● **Assignment**: Only the lines from the beginning of the entries through the one with "TOWERS OF OCEANVIEW SOUTH - Residential" should be written out, please, exactly and without any pictures.

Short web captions
┄┄┄┄┄┄┄┄┄┄┄┄┄┄┄┄┄┄┄┄
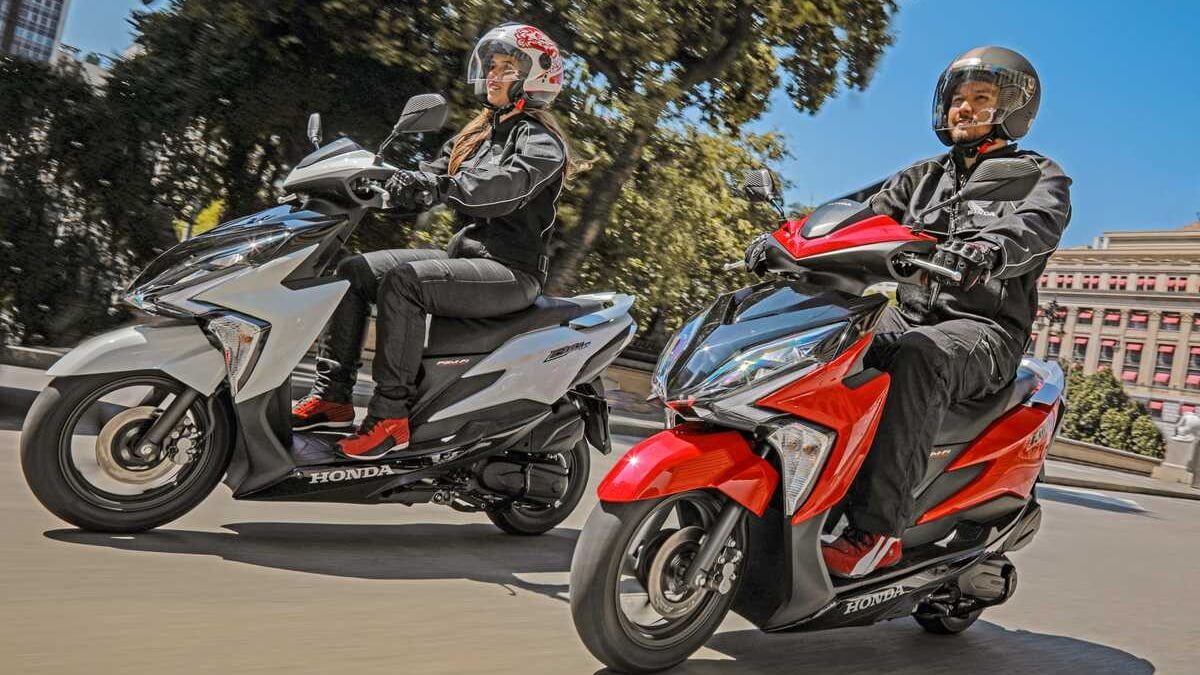 Honda Elite 125 2023 nas ruas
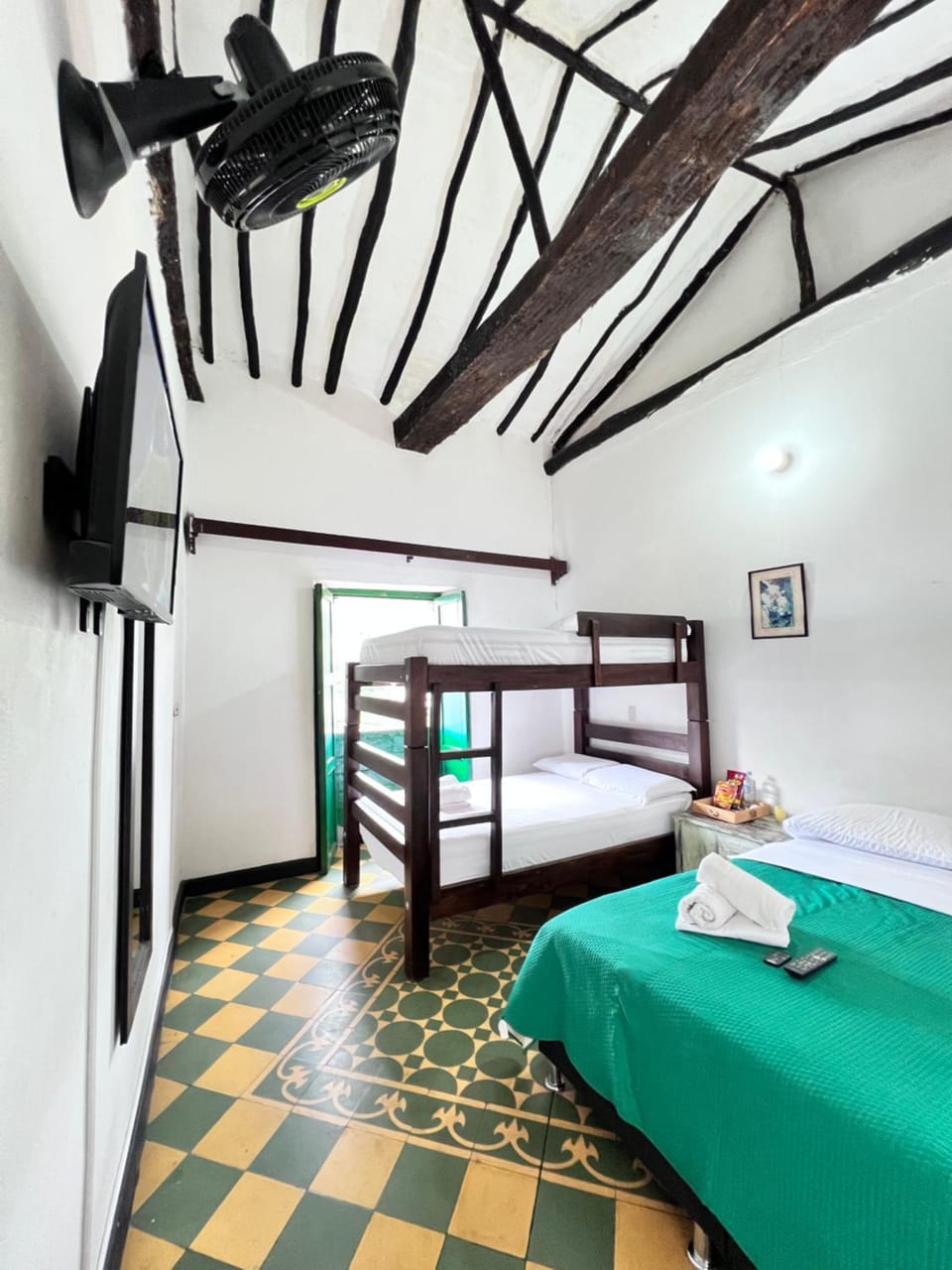 Restaurant/places to eat, Bed, Activities, Karaoke, TV and multimedia, Photo of the whole room, Bedroom, Landmark view, children, bunk bed, Parking, fireplace, locker, towels, wardrobe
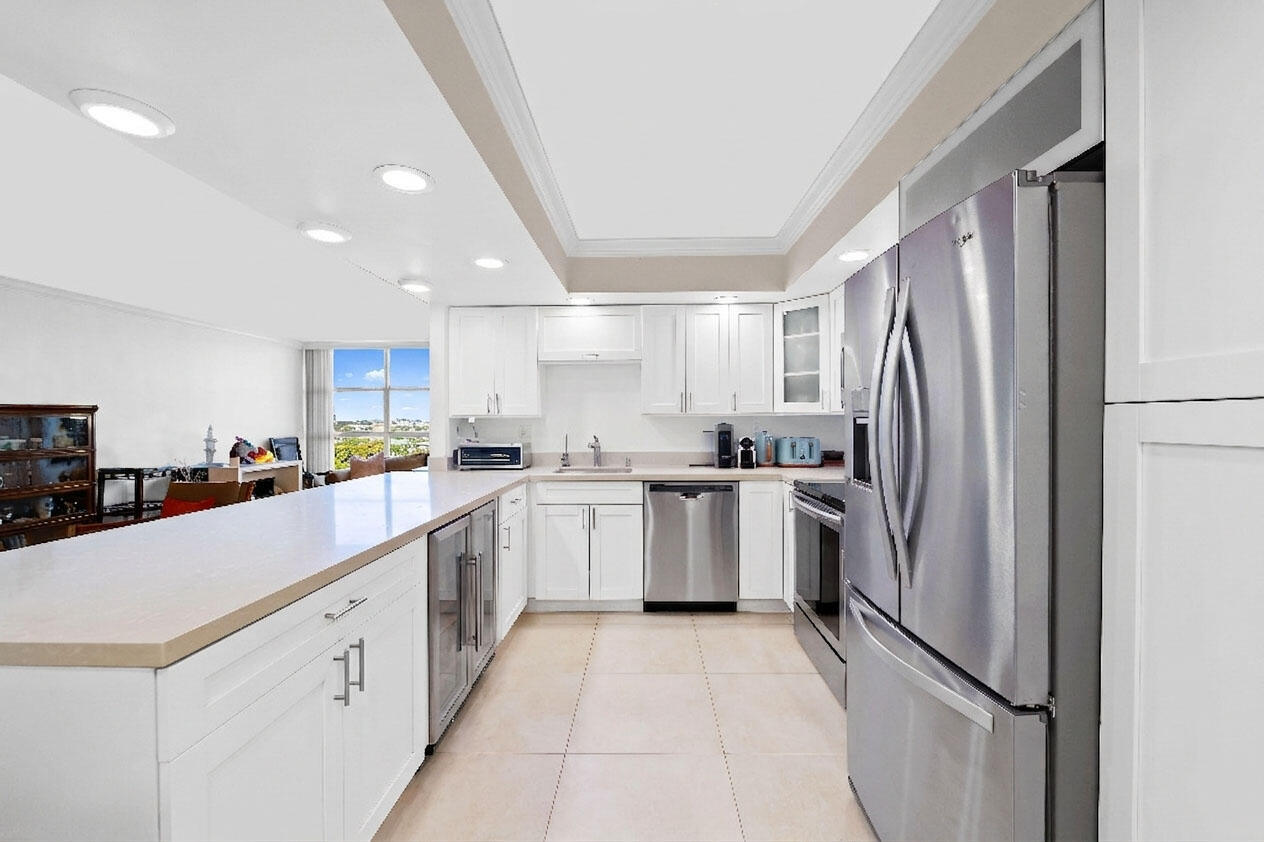 TOWERS OF OCEANVIEW SOUTH - Residential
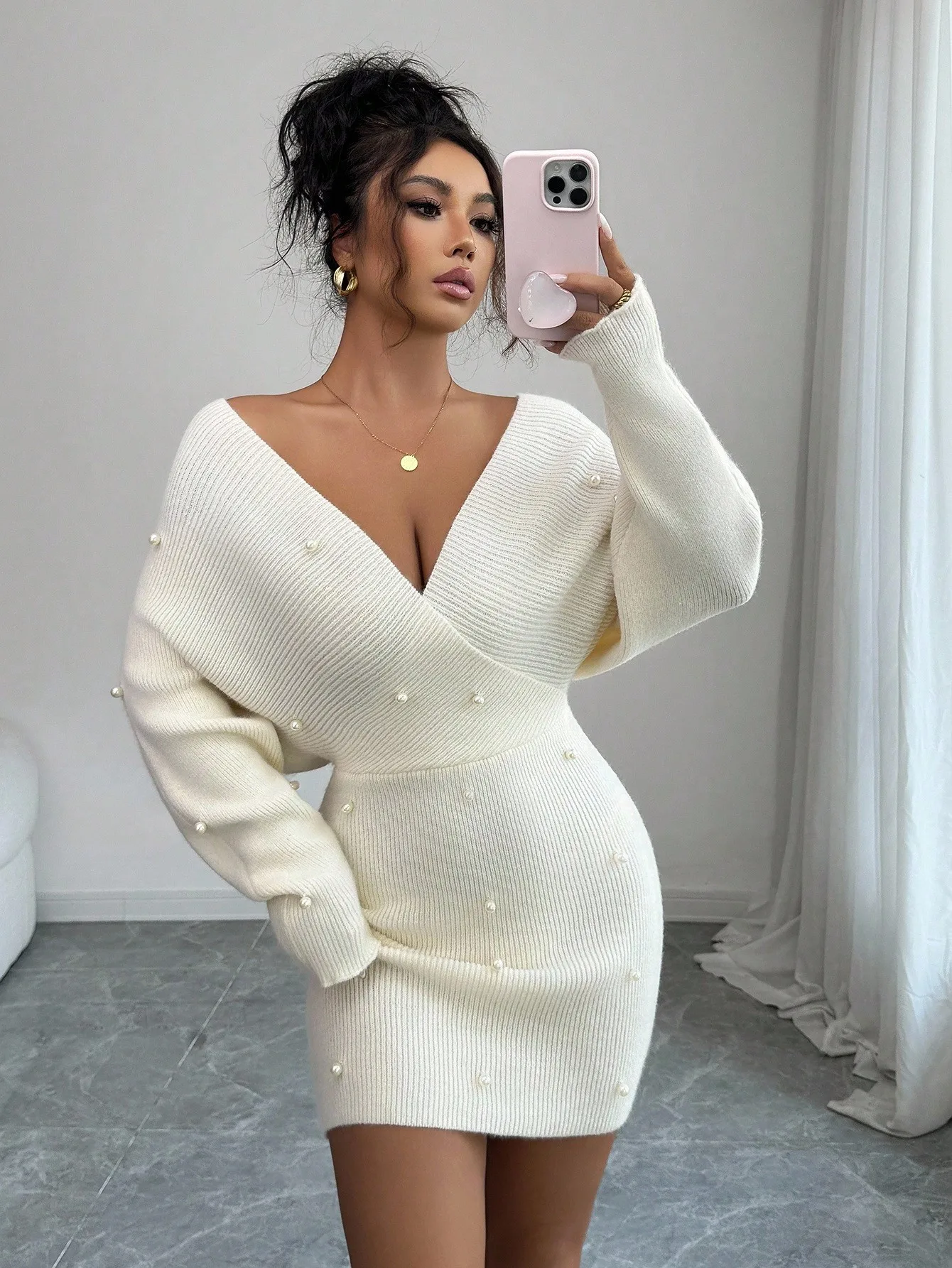 

Женское трикотажное платье с V-образным вырезом и жемчугом, облегающее платье-свитер с длинным рукавом для осени и зимы, бежевое
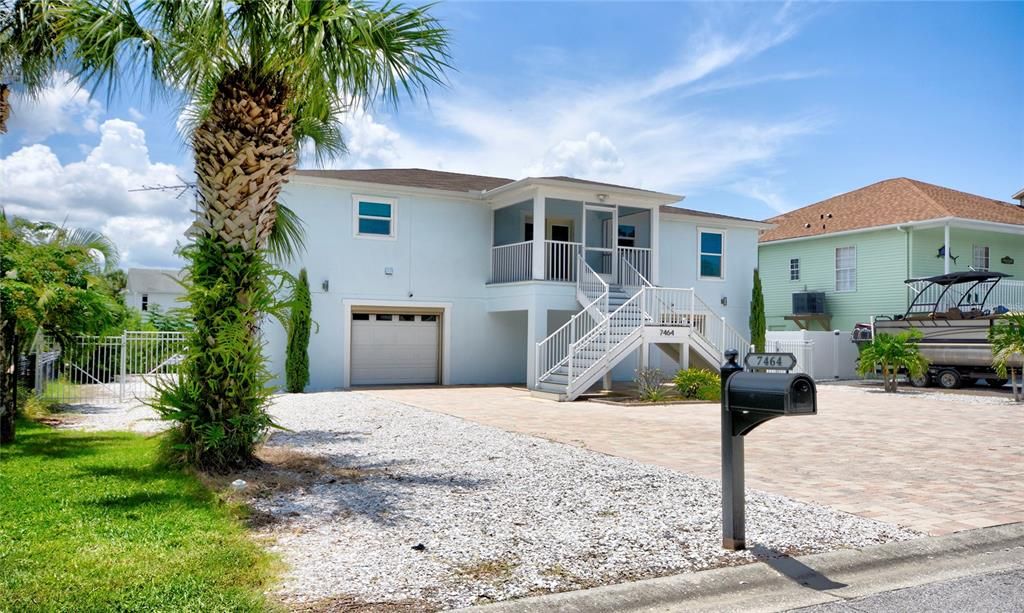 For Sale: $810,900 (3 beds, 2 baths, 1590 Square Feet)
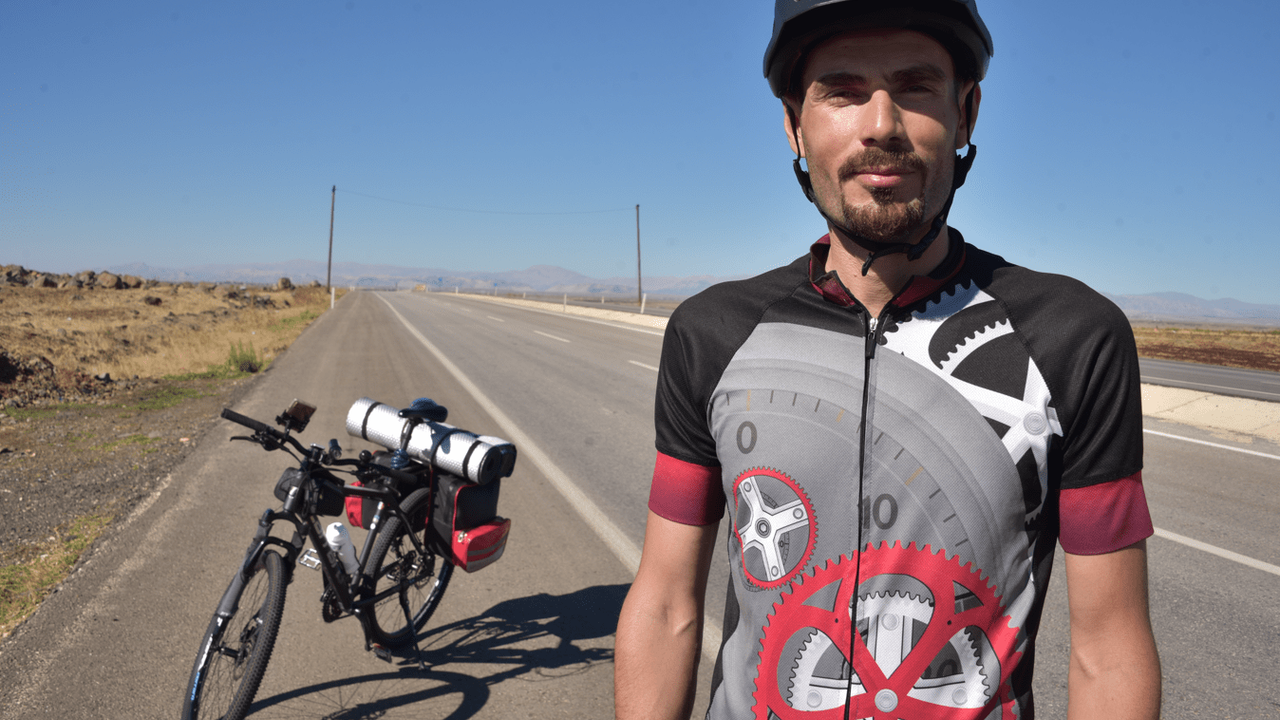 Antalyalı Bisikletçi, Depremde Hayatını Kaybeden Sporcular Anısına Şanlıurfa'ya Pedal Çevirdi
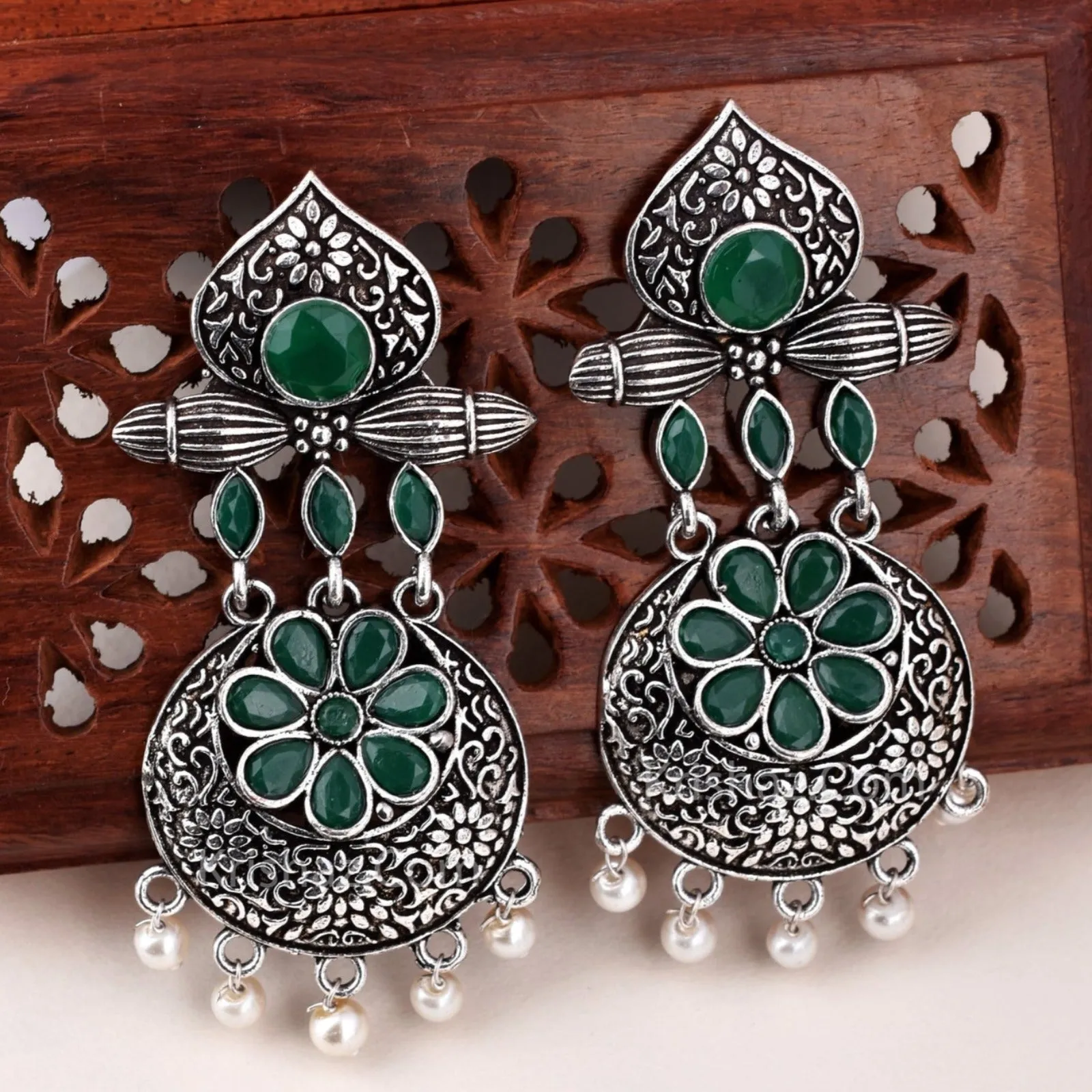 Aparajita Dangler Earring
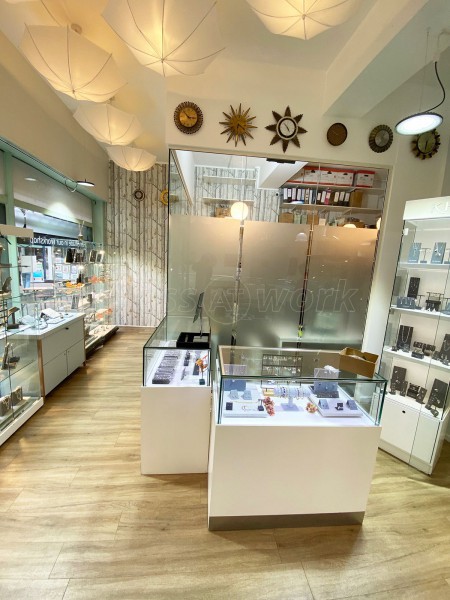 Wilde Jewellery (Hitchin, Hertfordshire): Retail Shop Glass Room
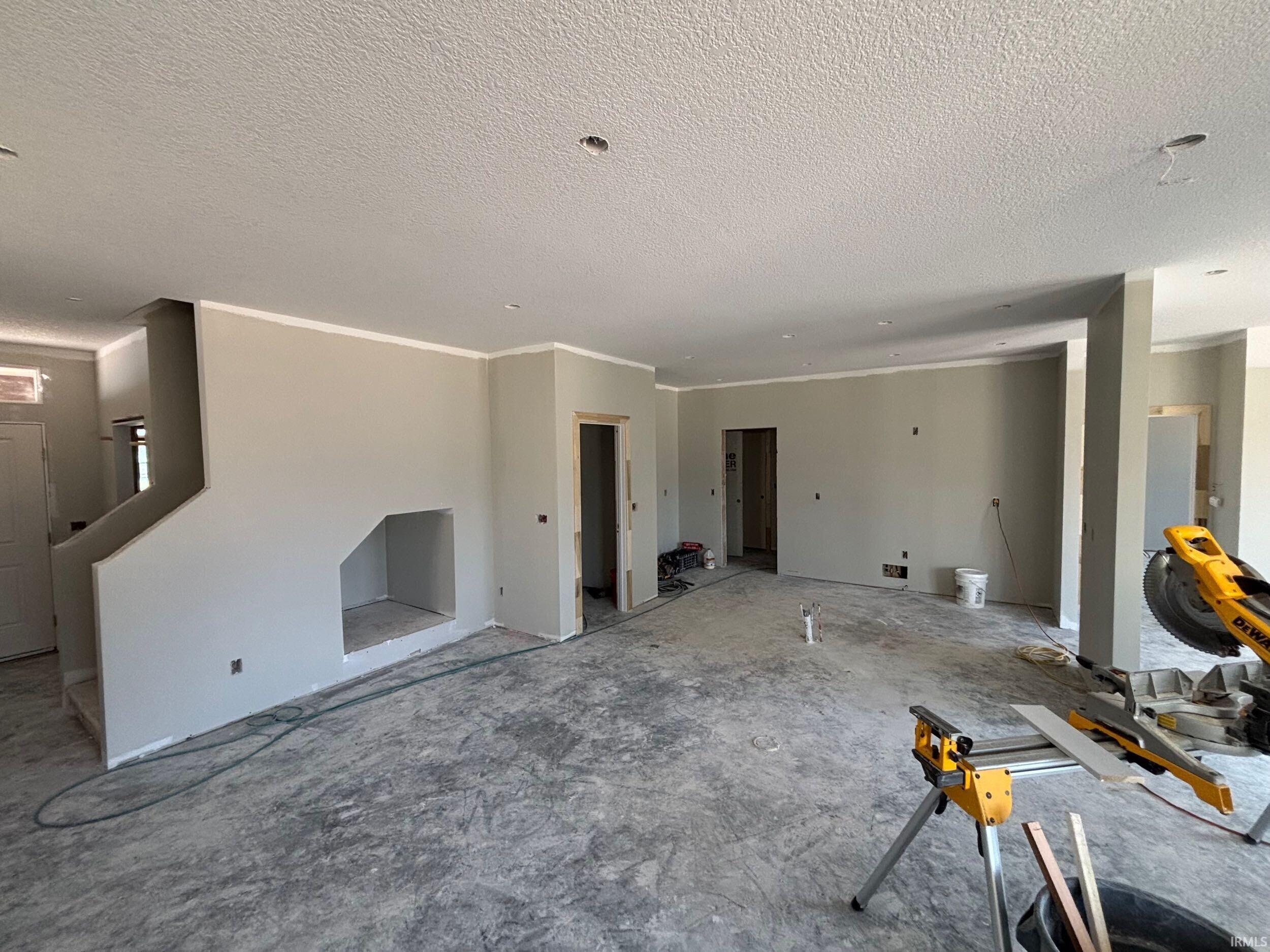 Spacious interior featuring neutral paint, crown molding, and recessed lighting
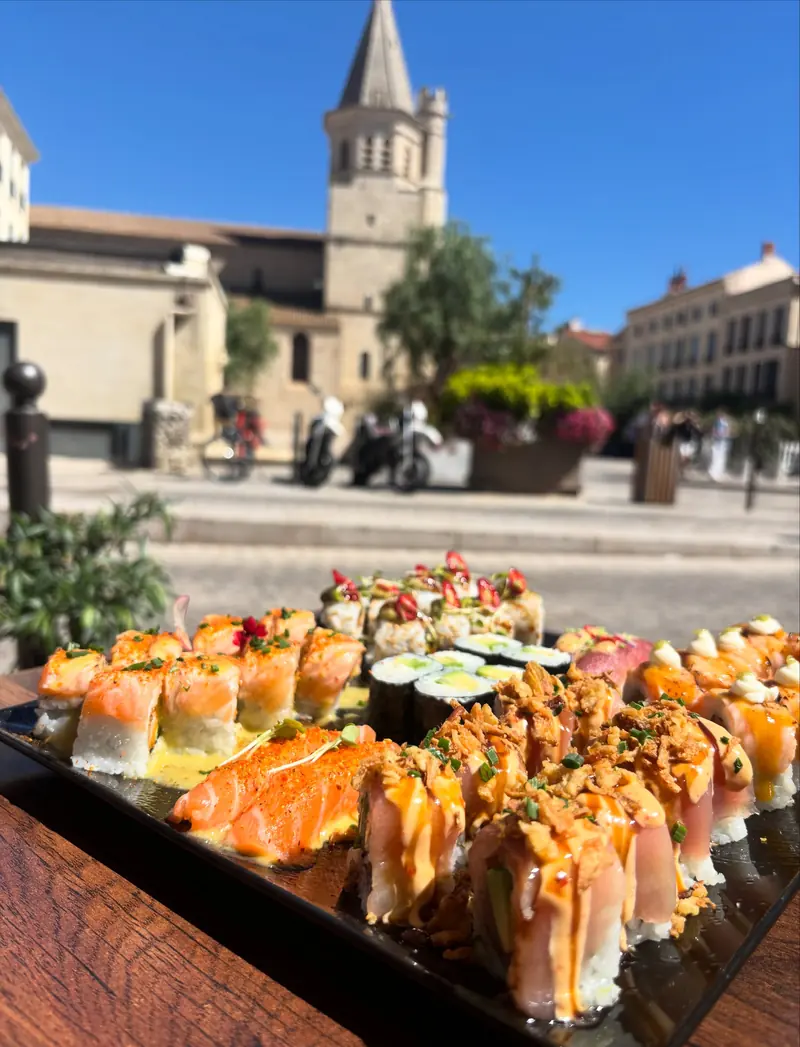 La Nikki Box servie en terrasse, face à l’église de la Madeleine à Béziers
┄┄┄┄┄┄┄┄┄┄┄┄┄┄┄┄┄┄┄┄
● **Solved problem**:
 Honda Elite 125 2023 nas ruas
 Restaurant/places to eat, Bed, Activities, Karaoke, TV and multimedia, Photo of the whole room, Bedroom, Landmark view, children, bunk bed, Parking, fireplace, locker, towels, wardrobe
 TOWERS OF OCEANVIEW SOUTH - Residential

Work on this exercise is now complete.